Do more with less—the mantra being echoed in both businesses and homes. In today’s retail marketplace, increased fragmentation, shrinking store footprints, rising commodity costs, and stretched consumers are creating unique pressures on branded products. As marketers create business plans to address these issues, many also are attempting to produce greater efficiency from fewer brands. This gives rise to the notion of “megabranding” as a way to economize costs and grow broader, stronger franchises that are more resilient to these forces.

Cross-over consumption
Megabranding is when a brandmark is applied across multiple product extensions and flankers that satisfy a variety of consumer needs across different categories. For example, Clorox is considered a megabrand because the broad use of the brand stretches across laundry, home cleaning/disinfecting and small durables. On the other hand, while Coca-Cola is a global powerhouse brand, it has predominant representation in the carbonated soft drinks category alone.

Good practice
Marketers are considering megabrand strategies to increase marketing and operational efficiency across a number of potential fronts:

* Media—spots that support multiple complementary items under an umbrella strategy deliver a greater return on investment
* Copy development—reducing the number of creative executions presents a savings opportunity
* Trade line promotion—folding multiple products into more impactful trade promotions result in improved efficiency and compliance
* Consumer promotion—bundling can improve efficiency and breakthrough
* Leverage transaction size vs. penetration—it is easier to get a brand’s current consumers to buy more than to gain the same volume from a new buyer

Sustainable competitive advantage

While operational efficiencies are vital, the consumer issues related to megabranding are just as important.
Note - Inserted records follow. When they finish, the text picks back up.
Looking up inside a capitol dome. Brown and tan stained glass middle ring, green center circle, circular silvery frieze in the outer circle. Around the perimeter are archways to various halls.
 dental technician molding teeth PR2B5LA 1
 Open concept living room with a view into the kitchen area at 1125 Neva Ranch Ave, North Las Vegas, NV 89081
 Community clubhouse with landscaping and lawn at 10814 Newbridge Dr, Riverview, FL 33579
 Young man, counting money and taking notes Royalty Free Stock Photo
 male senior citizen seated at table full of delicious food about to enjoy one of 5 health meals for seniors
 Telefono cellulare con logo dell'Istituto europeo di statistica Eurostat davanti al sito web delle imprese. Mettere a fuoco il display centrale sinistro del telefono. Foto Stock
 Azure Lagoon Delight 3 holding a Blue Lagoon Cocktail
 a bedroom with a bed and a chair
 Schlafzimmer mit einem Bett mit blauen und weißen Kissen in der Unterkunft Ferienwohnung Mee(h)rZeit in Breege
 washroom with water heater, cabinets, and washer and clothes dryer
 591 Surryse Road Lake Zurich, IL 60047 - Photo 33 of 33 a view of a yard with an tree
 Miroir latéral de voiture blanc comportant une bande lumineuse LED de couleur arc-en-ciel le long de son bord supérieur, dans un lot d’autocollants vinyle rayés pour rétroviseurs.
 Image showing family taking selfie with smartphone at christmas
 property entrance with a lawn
The first step to crafting a winning megabrand strategy and creating sustainable competitive advantage is understanding the brand’s unique equity. Misreading the brand’s meaning is the biggest strategic error in megabranding. Brands that fail to meaningfully connect with consumers as they migrate into new categories can lead to disastrous outcomes. We believe Gatorade’s failed 2001 attempt to extend into meal bars is a good example of misread equity. In consumers’ minds, Gatorade likely represented “hydration” rather than “nutrition” or “performance” and did not form a solid link to the meal-bar category.

Misreading the brand’s meaning is the biggest strategic error in megabranding...

Most brands lack distinctive, specific perceptions and do not differentiate on the basis of unique attributes or associations. Brands may be well known and have generally positive overall perceptions relative to competitors, but these more general perceptions are usually not a sufficient strategic rationale for cross-category extension. For this reason, many brands do not have a strong opportunity for generating competitive advantage from megabranding.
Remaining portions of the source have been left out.